● **Aim of the task**: Every line of the listing below is to be repeated exactly; the pictures stay out.

● **Source material**:
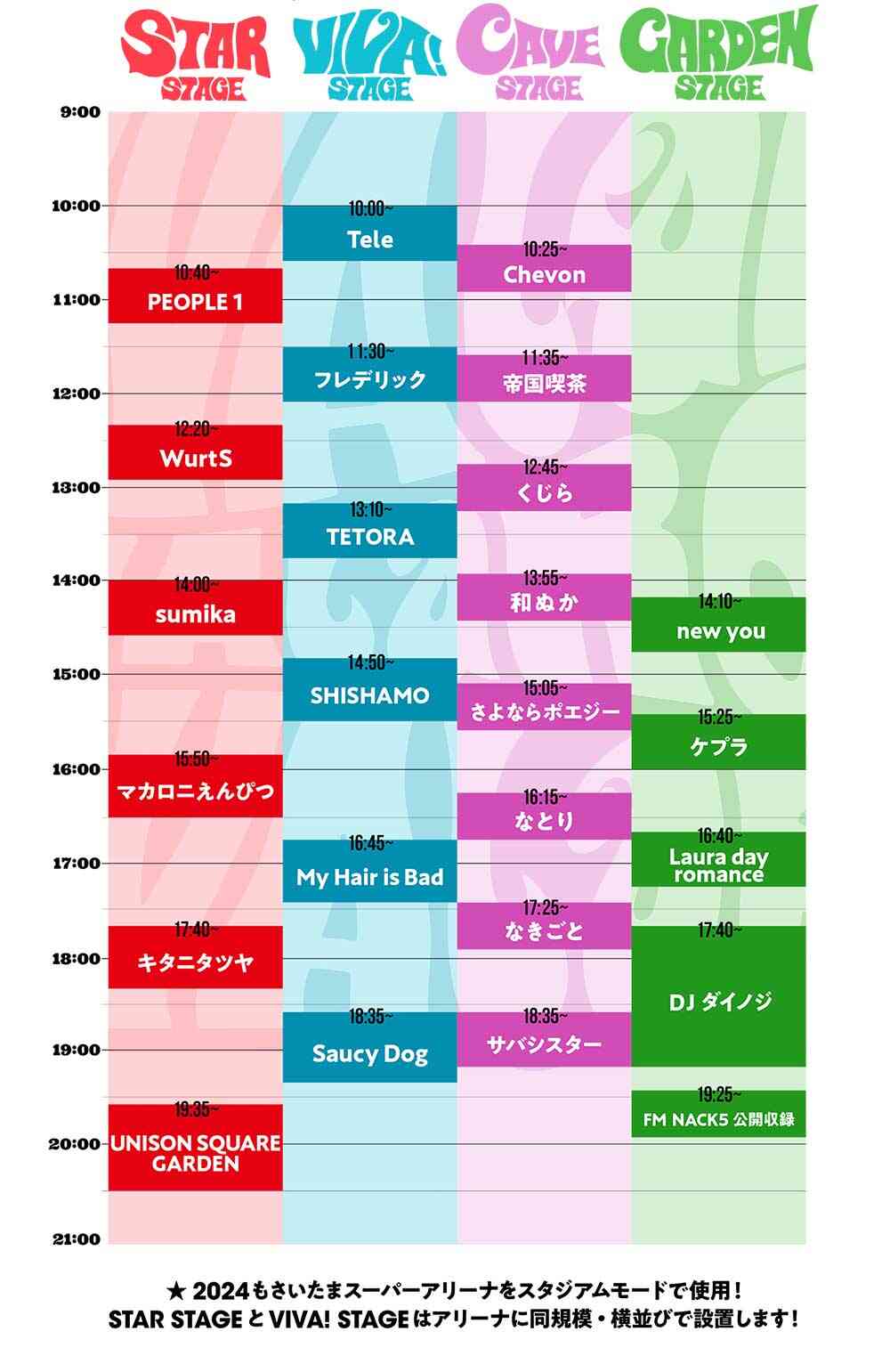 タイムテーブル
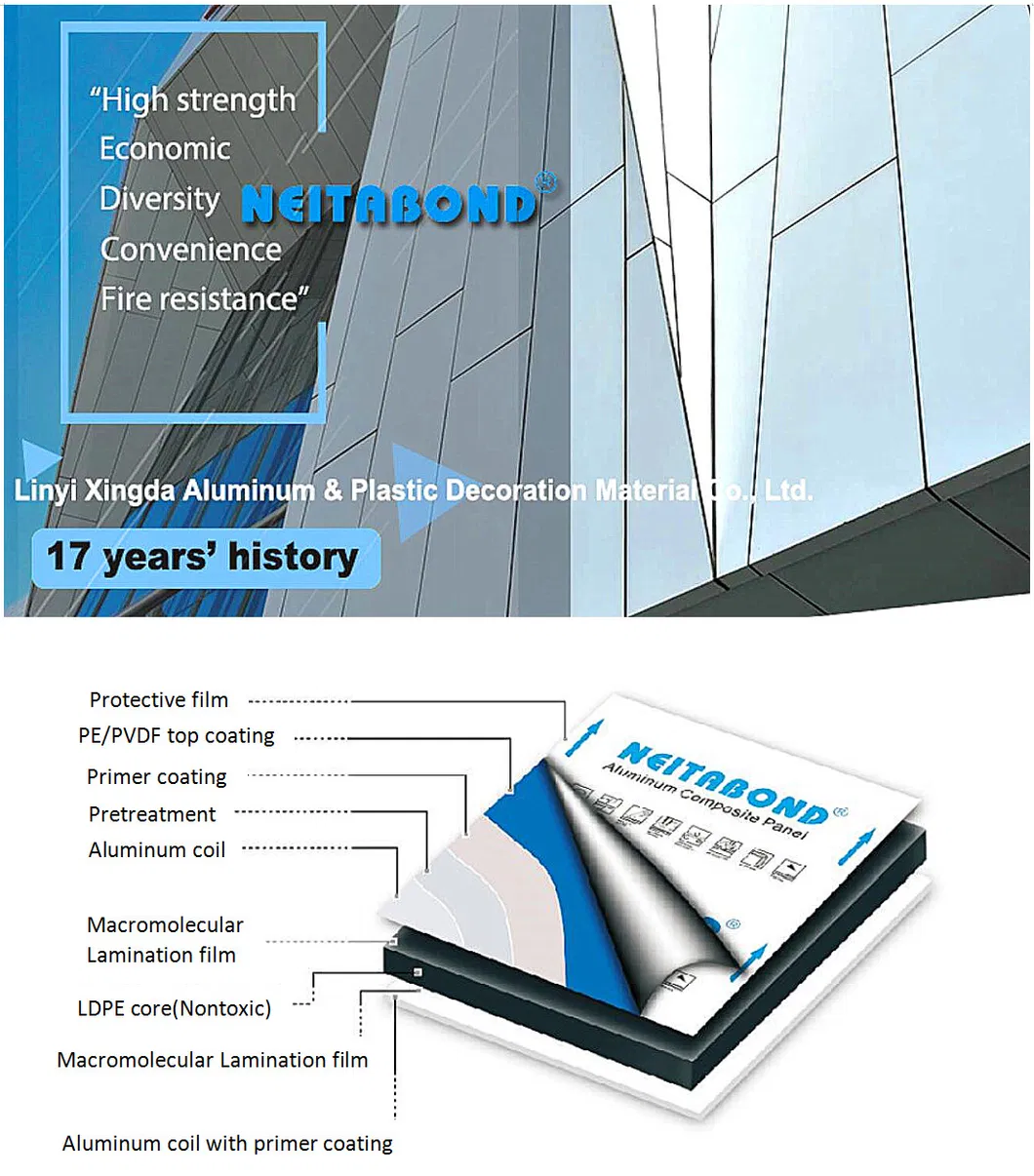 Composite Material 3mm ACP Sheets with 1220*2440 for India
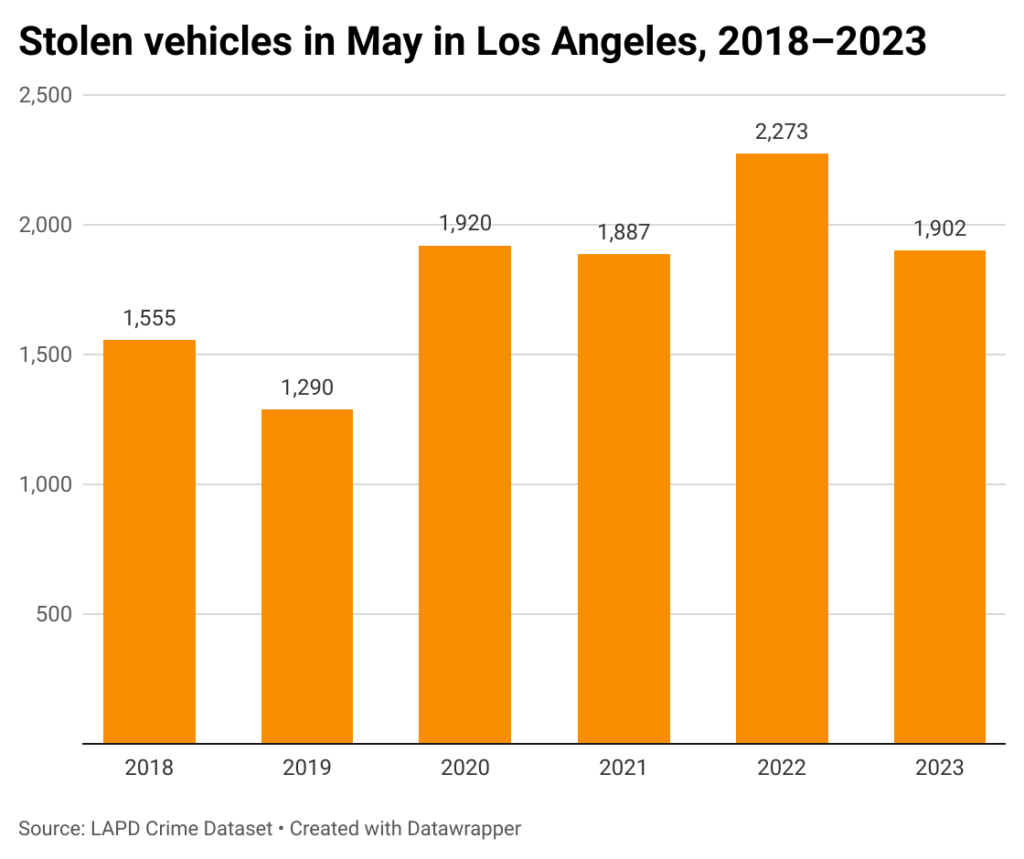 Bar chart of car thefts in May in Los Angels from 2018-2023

● **Solution to this task**:
 タイムテーブル
 Composite Material 3mm ACP Sheets with 1220*2440 for India
 Bar chart of car thefts in May in Los Angels from 2018-2023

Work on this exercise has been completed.